# [Chron] Rockets, Morey forced to hurry up and wait



## Cornholio (Feb 13, 2005)

Jonathan Feigen said:


> With deals going down all around him, and especially with the other Western Conference playoff teams now that the Hornets have made their first roster move of the off-season, the question seemed pretty obvious and easy.
> 
> Would you be disappointed if you go into training camp with the roster as it is?
> 
> ...





> *When Andersen and rookies Jermaine Taylor and Chase Budinger sign, the Rockets will have 16 players under contract.* While the Spurs and Mavericks have loaded up on free agent role players, the Rockets have been quiet.


http://blogs.chron.com/nba/2009/07/rockets_morey_forced_to_hurry.html


----------



## Dean the Master (Feb 19, 2006)

I don't think they would sign Taylor to be honest. I also think they might cut James White and waive Cook. I remember Morey said he wanted to keep the roster at 14 so it's more flexible for the future trades.


----------



## Cornholio (Feb 13, 2005)

Dean the Master said:


> I don't think they would sign Taylor to be honest.

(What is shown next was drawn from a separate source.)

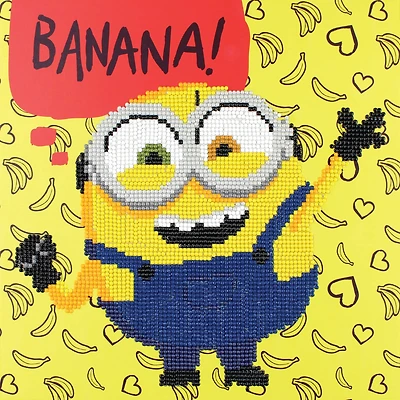 Camelot® Dots Minion Banana Dotz Box Diamond Painting Kit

I also think they might cut James White and waive Cook. *I remember Morey said he wanted to keep the roster at 14 so it's more flexible for the future trades.*


He said that the last offseason, when everyone was relatively healthy. We can't do the same this season. We would only have 12 active players, since Yao and T-Mac are already out.


----------



## mtlk (Apr 25, 2005)

Morey needs to make a move now.


----------



## Spaceman Spiff (Aug 2, 2006)

mtlk said:


> Morey needs to make a move now.


Unfortunately there aren't any moves to make. If guys like Dalembert and Chandler wasn't getting triple their worth it would be easy.


----------



## mtlk (Apr 25, 2005)

Spaceman Spiff said:


> Unfortunately there aren't any moves to make. If guys like Dalembert and Chandler wasn't getting triple their worth it would be easy.


I think Morey will make another move before camp begins,because we have many tradeable assets right now.


----------